[Work request] Your output consists solely of the lines from the one that contains "Le Temps des" to the end of the material, each reproduced exactly; pictures do not belong in it.

[Data shown]
· · · ·
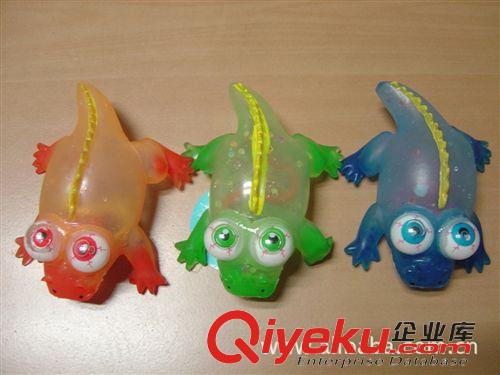 新奇特仿真動物玩具 可擠壓轉(zhuǎn)動大眼睛塑膠鱷魚玩具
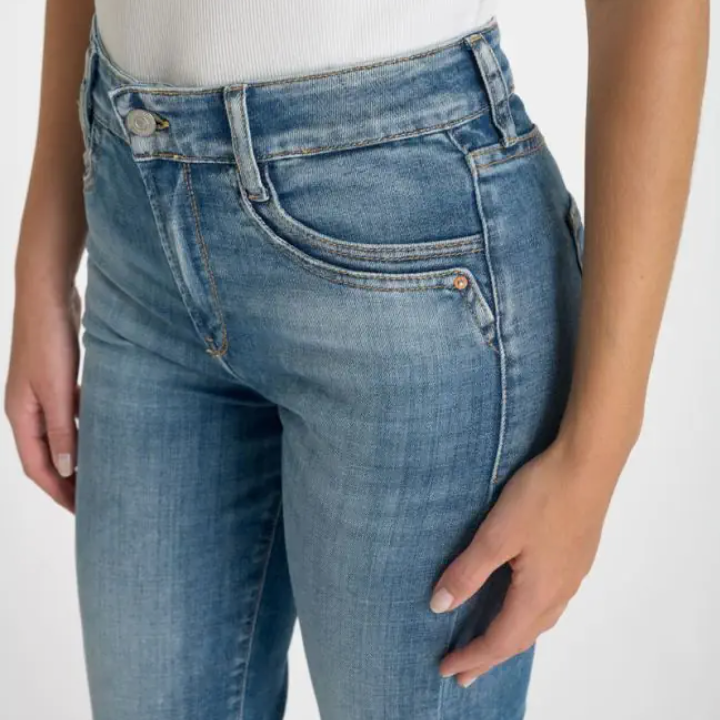 Le Temps des Cerises High Waist Regular Fit jeans in Blue, close-up detail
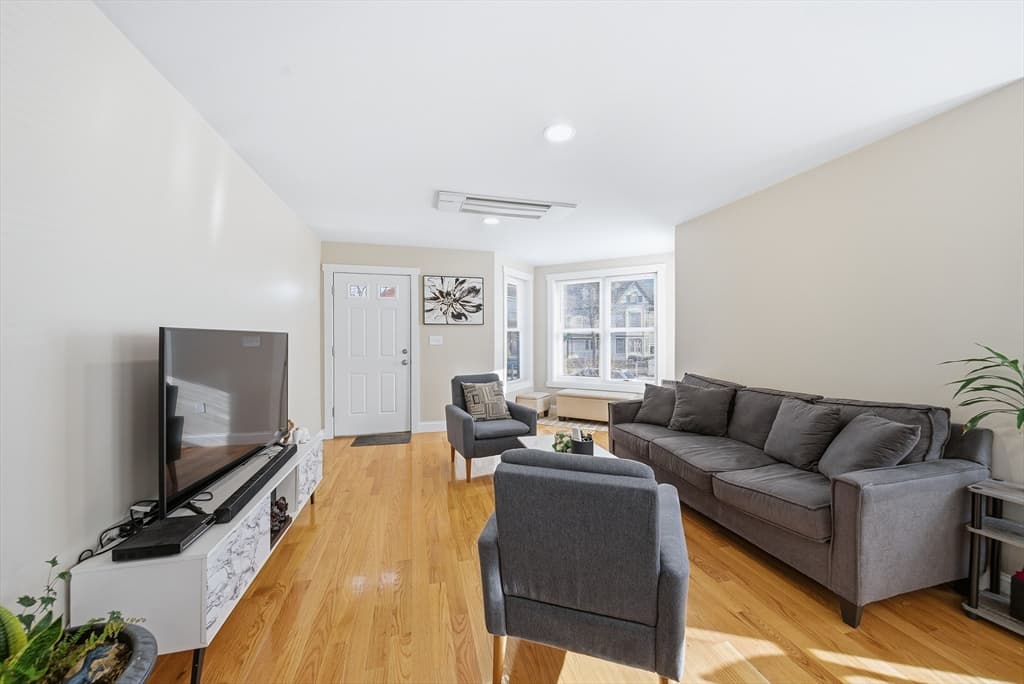 Single Family Residence at 527 Norfolk Street, Boston MA 02126, Boston, photo 7 of 37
· · · ·
[The completed task]
 Le Temps des Cerises High Waist Regular Fit jeans in Blue, close-up detail
 Single Family Residence at 527 Norfolk Street, Boston MA 02126, Boston, photo 7 of 37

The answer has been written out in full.